Über Gott und die WWWelt

Druck vom digitalen Drill-Instructor

Smarte Gerätschaften versprechen unser Leben angenehmer zu machen. Doch wenn wir nicht aufpassen, leben wir bald in einem permanenten Bootcamp der technikgestützten Selbstoptimierung.

Die Deutschen stehen ja im Ruf, es mit der Mülltrennung recht genau zu nehmen. Doch die wahren Weltmeister dieser Disziplin wird man in England suchen müssen.
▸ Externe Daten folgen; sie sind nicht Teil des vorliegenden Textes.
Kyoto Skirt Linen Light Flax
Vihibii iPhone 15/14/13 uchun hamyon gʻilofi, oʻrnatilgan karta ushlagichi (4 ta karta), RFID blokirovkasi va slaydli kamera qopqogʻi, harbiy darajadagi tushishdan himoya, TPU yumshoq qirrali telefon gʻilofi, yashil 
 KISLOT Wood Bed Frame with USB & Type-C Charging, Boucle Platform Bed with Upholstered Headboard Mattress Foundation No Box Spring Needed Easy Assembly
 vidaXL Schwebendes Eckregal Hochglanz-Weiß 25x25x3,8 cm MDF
In vielen Städten und Gemeinden auf der Insel stehen mehr als vier unterschiedliche Behältnisse pro Haus bereit, in Newcastle-under-Lyme etwa sind es Zeitungsberichten zufolge nicht weniger als neun unterschiedliche Tüten, Kübel und Tonnen, die es richtig mit Abfall-Komponenten zu befüllen gilt.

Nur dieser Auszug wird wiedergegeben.